**What you need to do**
From the entries, copy every line that carries the string "image".
(Beginning of Records shown)
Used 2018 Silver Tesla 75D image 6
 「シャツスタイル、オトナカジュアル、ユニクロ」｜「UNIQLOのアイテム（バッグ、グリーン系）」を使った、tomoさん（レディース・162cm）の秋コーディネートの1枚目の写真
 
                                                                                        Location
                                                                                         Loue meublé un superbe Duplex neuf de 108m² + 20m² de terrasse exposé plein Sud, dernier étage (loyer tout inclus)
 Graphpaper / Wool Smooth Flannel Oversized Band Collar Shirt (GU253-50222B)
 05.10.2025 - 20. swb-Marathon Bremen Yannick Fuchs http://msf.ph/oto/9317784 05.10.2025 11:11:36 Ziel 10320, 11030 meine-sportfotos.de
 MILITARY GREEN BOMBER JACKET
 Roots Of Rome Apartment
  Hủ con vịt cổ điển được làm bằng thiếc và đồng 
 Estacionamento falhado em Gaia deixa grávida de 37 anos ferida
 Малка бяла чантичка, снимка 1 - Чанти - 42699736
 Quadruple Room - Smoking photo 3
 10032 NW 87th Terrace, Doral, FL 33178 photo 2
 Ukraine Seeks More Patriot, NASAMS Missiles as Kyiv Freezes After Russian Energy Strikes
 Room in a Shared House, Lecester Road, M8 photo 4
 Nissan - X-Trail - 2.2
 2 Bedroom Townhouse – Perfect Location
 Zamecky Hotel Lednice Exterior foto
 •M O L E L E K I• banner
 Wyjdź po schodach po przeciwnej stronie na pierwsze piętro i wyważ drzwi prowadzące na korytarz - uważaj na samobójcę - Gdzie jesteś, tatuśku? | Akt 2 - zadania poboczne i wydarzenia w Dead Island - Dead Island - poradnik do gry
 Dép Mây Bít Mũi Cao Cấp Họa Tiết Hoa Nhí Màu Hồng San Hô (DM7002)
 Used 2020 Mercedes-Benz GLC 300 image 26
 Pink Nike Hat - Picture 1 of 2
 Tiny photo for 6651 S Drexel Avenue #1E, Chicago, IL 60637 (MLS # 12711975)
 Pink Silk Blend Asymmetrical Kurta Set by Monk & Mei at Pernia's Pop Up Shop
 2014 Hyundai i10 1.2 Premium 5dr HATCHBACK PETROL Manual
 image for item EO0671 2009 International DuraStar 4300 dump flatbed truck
(End of Records shown)
**Result**
Used 2018 Silver Tesla 75D image 6
 Used 2020 Mercedes-Benz GLC 300 image 26
 image for item EO0671 2009 International DuraStar 4300 dump flatbed truck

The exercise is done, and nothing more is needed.